I like to keep my boat tight on the trailer and against the straps. When I see the boat squishy and bouncing, I can just imagine that it's stressing the straps much more than when the boat's inflated and everything's tight. Remember to let some air out on the way up a high pass, top off when you get back down, and be aware to let air out when you take it out of the cold water and drive off into the hot desert. 

Have fun!

-AH


----------



## NWO Whiewater

Thanks for all the feedback so far guys


----------



## kwagunt2001

*A trailer question*

Related to the O.P but not precisely-

My trailer is not fully decked but I use 3- 2x10s running across the width of my trailer to support my raft. Also have a roller on the back. Seems to work well. That being said, I have seen many trailers with 2- 3 x 10s running the length of the trailer along the top of each side rail. I need to replace my boards so was wondering what people prefer. Am I missing advantages/disadvantages of each setup? Seems to be alot of both types on the trailer porn thread Thanks-
MC


----------



## Paul7

My last trailer had 2x12 planks running under the tubes. Worked well for local runs but gusts in Montana would push it around making multiple stops necessary. Also I'd have to nanny the pressure more because if allowed to get extra soft the straps would loosen up and it would really want to move around. I now have a full deck and can use my windshield more than my side mirrors. 

Sent from my SM-G900V using Mountain Buzz mobile app


----------



## 90Duck

Lots of good advice here, several of which I wished I'd read first rather than experienced directly. Just a couple of things to add:

1. I use neoprene sleeves wrapped over the cam part of the strap to protect the boat. The worst damage I have on my 13 year old boat is from a cam rubbing while on the trailer.

2. If you are using open hooks, make sure to run the strap through whatever you are hooking to so that the hook is hanging, not pulling up. They will loosen when the boat gets softer and it usually seems like it will work down until the tire runs over it.


----------



## Paul7

There is no such thing as an American made radial trailer tire. Even the name brands Goodyear maxis... Are all overseas tires. In the RV world many are converting to LT tires. 

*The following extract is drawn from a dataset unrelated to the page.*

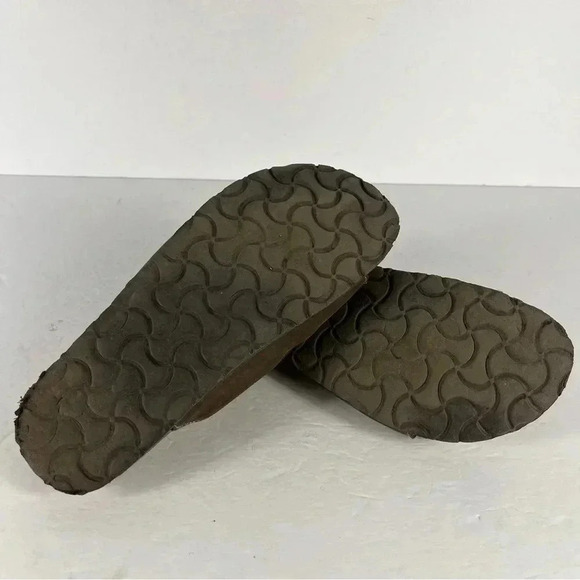 air fly  sandals footbed style men size 7.5 - Picture 7 of 7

Sent from my SM-G900V using Mountain Buzz mobile app


----------



## the_dude

Be mindful of pressure on the tubes and the floor, especially if you're going over high passes.


----------



## nastysauce

I stopped rafting all together for fear of damaging my raft when trailering. It sucks cuz i want to go paddle, but its a jungle out there.


----------



## curtis catman

Put one half twist in any long spans of straps and they will not sing in the wind. I used to be a flatbed truck driver before I became a full time boater.


----------



## bucketboater

elkhaven said:


> Bigger tires = less problems. I'm not saying to stuff 36's under your trailer but 14-15" wheels significantly out perform 12" which outperform the little snowmobile trailer wheels... Get the biggest wheel and tire package that works with your rig.
> 
> I too touch my tires and hubs at stops - that'll tell you a lot about impending failure.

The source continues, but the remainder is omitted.